#### WORK TASK:
Copy nothing but the lines from the one containing "this 1343×896 image." through the last line of the entries below, exactly as written and without pictures.

#### RECORDS SHOWN:

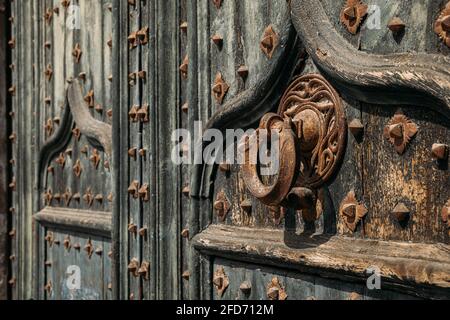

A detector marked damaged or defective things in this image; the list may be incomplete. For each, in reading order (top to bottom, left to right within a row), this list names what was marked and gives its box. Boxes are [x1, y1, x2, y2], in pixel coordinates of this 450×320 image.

rusty iron ring [241, 114, 300, 206]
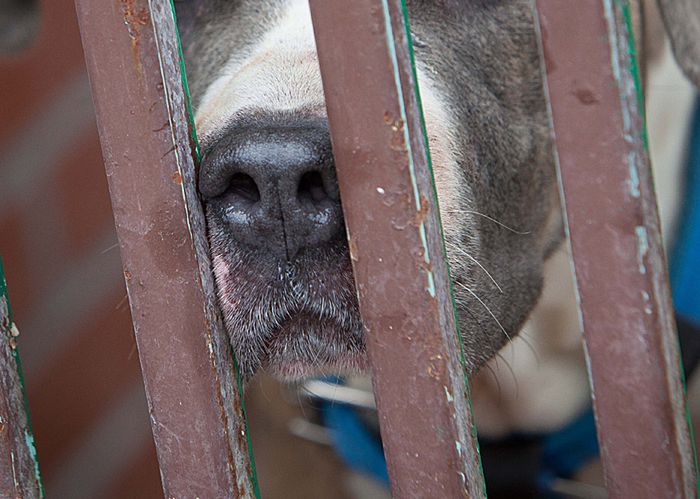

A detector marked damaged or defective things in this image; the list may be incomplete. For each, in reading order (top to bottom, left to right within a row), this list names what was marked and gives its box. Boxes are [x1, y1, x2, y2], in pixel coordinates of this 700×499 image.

rusty gate bar [0, 260, 41, 498]
rusty gate bar [73, 1, 258, 498]
rusty gate bar [308, 1, 484, 498]
rusty gate bar [536, 1, 696, 498]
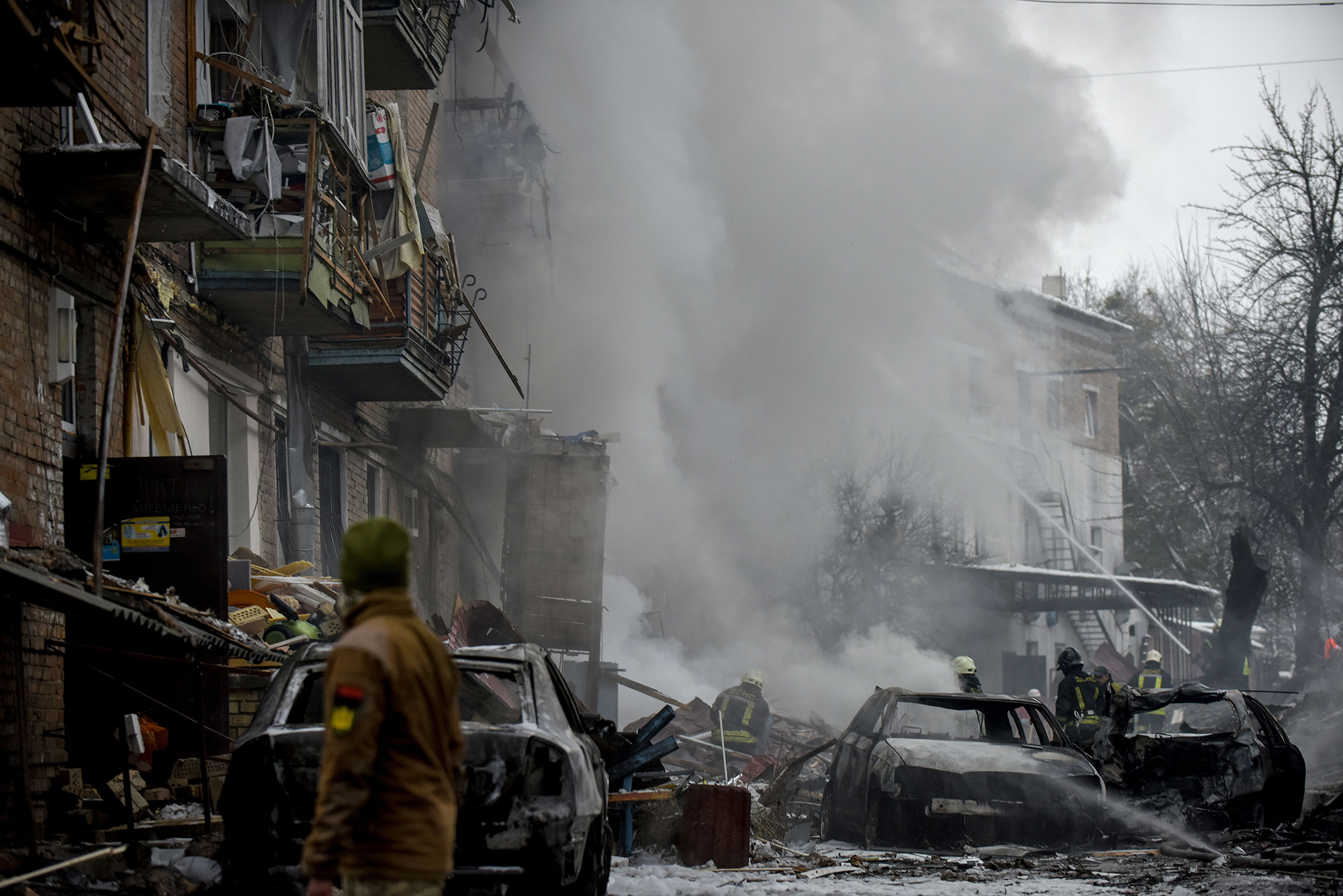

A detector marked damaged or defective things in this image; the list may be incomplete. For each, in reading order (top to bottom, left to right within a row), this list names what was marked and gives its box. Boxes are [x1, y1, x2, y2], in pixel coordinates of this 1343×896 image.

damaged residential building [0, 0, 615, 848]
damaged residential building [924, 259, 1219, 693]
broken window [1074, 387, 1096, 440]
burned car [223, 642, 612, 891]
burned car [817, 693, 1101, 848]
burned car [1101, 682, 1300, 832]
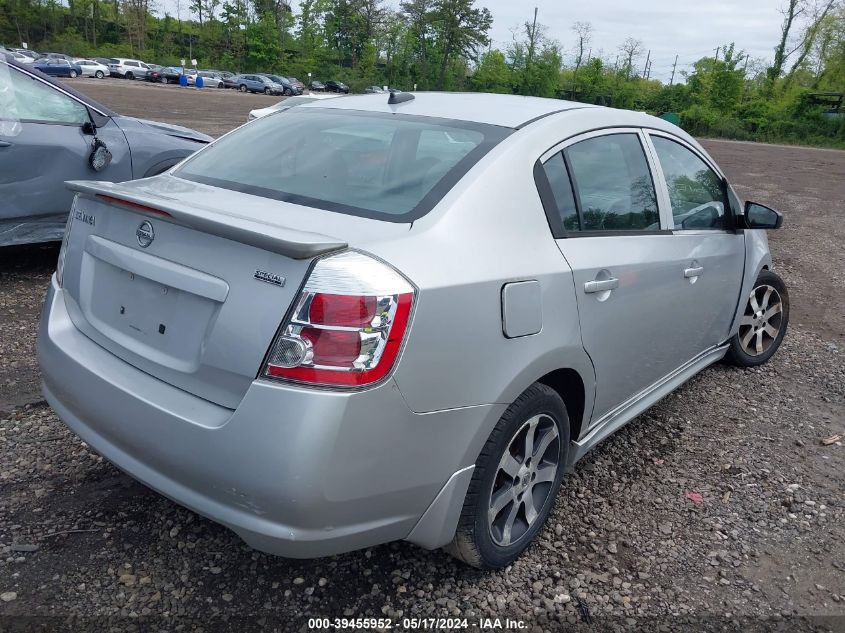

#### ANSWER TO THE PROBLEM:
A detector marked damaged or defective things in this image; the list may be incomplete. For each, in reading order (top to bottom, left to right within a row), this list names what was marked and gives its box. Boxes are [x1, y1, x2, y2], in pixel coordinates of this 1343×896 image.

damaged residential building [0, 0, 615, 848]
damaged residential building [924, 259, 1219, 693]
broken window [1074, 387, 1096, 440]
burned car [223, 642, 612, 891]
burned car [817, 693, 1101, 848]
burned car [1101, 682, 1300, 832]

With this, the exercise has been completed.